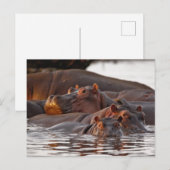 Hippopotamus, Hippopotamus amphibius, Lake Briefkaart (Voorkant / Achterkant)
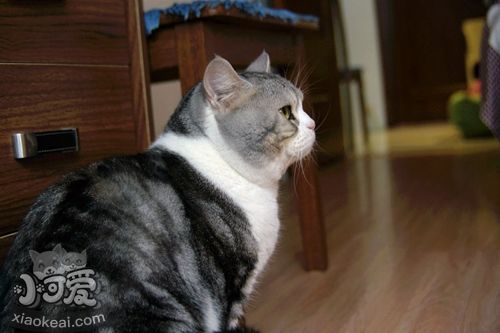 美國短尾貓如何訓(xùn)練 美國短尾貓訓(xùn)練技巧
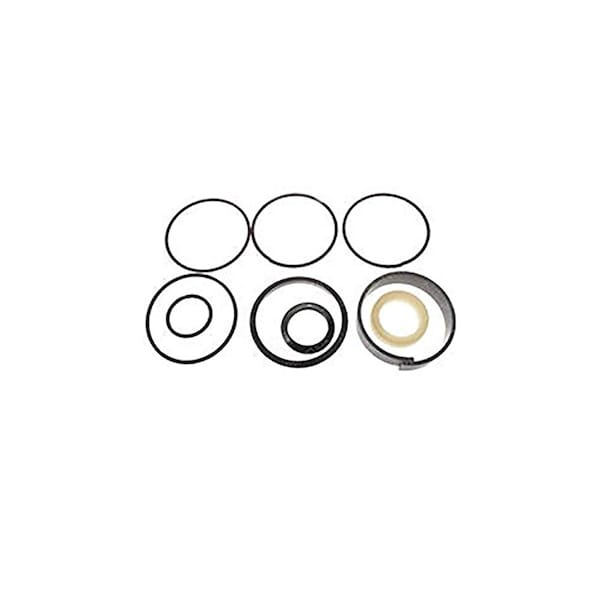 Aftermarket Hydraulic Cylinder Seal Kit Fits AllisChalmers Fork Truck 114 X 3 4906332 - main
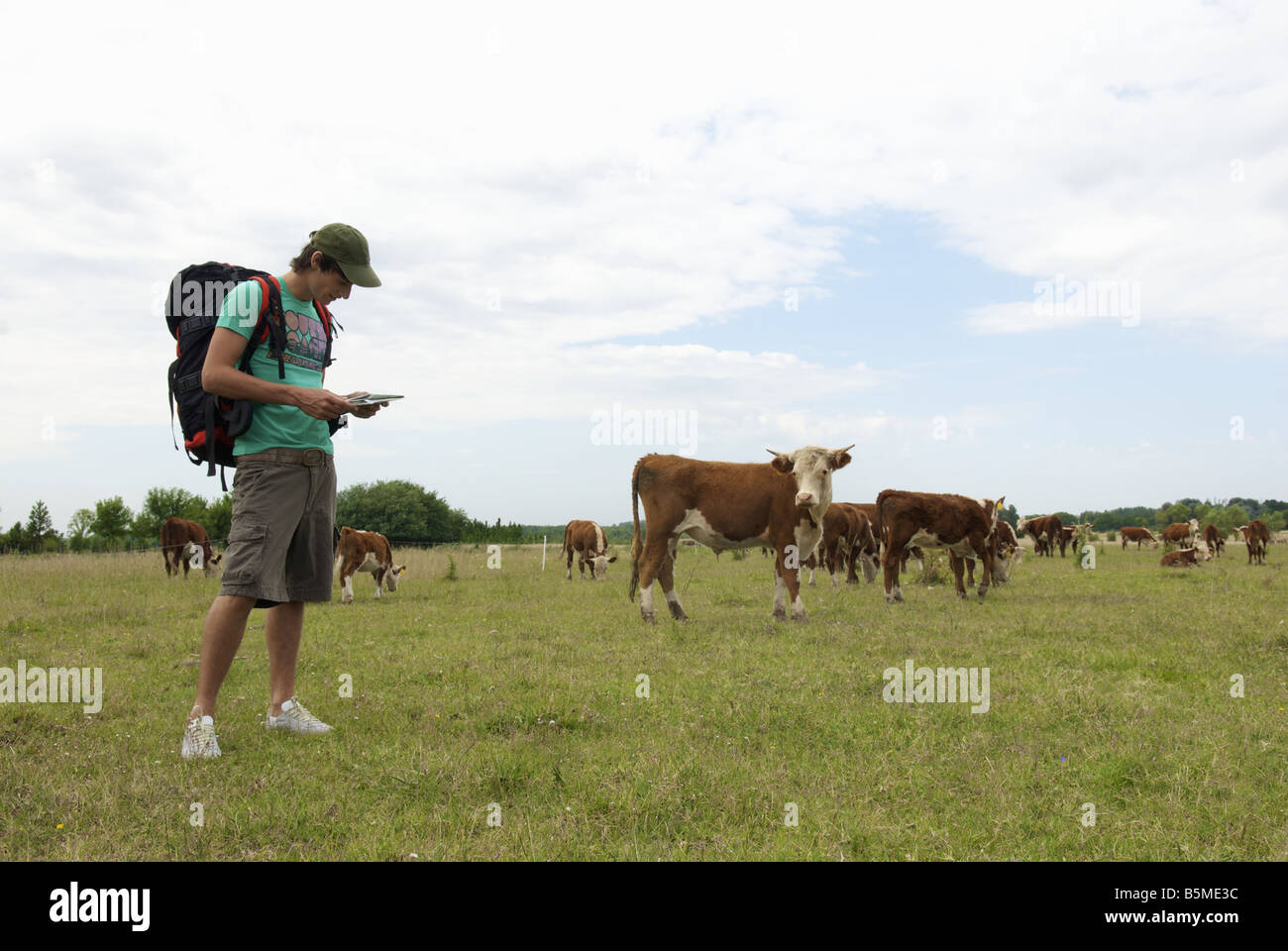 Un maschio backpacker guardando una mappa in un pascolo del bestiame Foto Stock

——————————

From the first line to the last, write out the data exactly, omitting any pictures.

 Hippopotamus, Hippopotamus amphibius, Lake Briefkaart (Voorkant / Achterkant)
 美國短尾貓如何訓(xùn)練 美國短尾貓訓(xùn)練技巧
 Aftermarket Hydraulic Cylinder Seal Kit Fits AllisChalmers Fork Truck 114 X 3 4906332 - main
 Un maschio backpacker guardando una mappa in un pascolo del bestiame Foto Stock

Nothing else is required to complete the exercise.